══ Supplied material ══

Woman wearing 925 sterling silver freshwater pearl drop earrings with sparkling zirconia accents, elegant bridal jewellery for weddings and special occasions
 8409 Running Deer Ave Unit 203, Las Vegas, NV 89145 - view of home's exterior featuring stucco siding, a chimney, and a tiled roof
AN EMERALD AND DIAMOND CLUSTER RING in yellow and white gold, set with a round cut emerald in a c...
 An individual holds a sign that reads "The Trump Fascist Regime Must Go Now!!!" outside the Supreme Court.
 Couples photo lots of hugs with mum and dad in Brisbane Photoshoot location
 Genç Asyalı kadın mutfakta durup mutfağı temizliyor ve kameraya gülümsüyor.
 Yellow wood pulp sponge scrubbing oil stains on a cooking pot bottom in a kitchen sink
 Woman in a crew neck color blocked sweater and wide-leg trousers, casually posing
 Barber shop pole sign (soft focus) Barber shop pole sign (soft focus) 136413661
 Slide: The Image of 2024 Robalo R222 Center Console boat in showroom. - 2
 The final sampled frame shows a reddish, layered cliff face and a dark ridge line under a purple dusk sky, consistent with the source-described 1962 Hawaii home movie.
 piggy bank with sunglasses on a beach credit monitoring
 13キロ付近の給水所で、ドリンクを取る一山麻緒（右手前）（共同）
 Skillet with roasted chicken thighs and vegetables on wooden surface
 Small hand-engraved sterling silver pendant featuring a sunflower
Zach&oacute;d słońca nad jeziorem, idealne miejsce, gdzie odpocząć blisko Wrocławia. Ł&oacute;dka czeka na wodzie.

═══

From the very first line of the records down to the line with "Yellow wood pulp", please write out each line exactly, including both ends and no other lines.

Woman wearing 925 sterling silver freshwater pearl drop earrings with sparkling zirconia accents, elegant bridal jewellery for weddings and special occasions
 8409 Running Deer Ave Unit 203, Las Vegas, NV 89145 - view of home's exterior featuring stucco siding, a chimney, and a tiled roof
AN EMERALD AND DIAMOND CLUSTER RING in yellow and white gold, set with a round cut emerald in a c...
 An individual holds a sign that reads "The Trump Fascist Regime Must Go Now!!!" outside the Supreme Court.
 Couples photo lots of hugs with mum and dad in Brisbane Photoshoot location
 Genç Asyalı kadın mutfakta durup mutfağı temizliyor ve kameraya gülümsüyor.
 Yellow wood pulp sponge scrubbing oil stains on a cooking pot bottom in a kitchen sink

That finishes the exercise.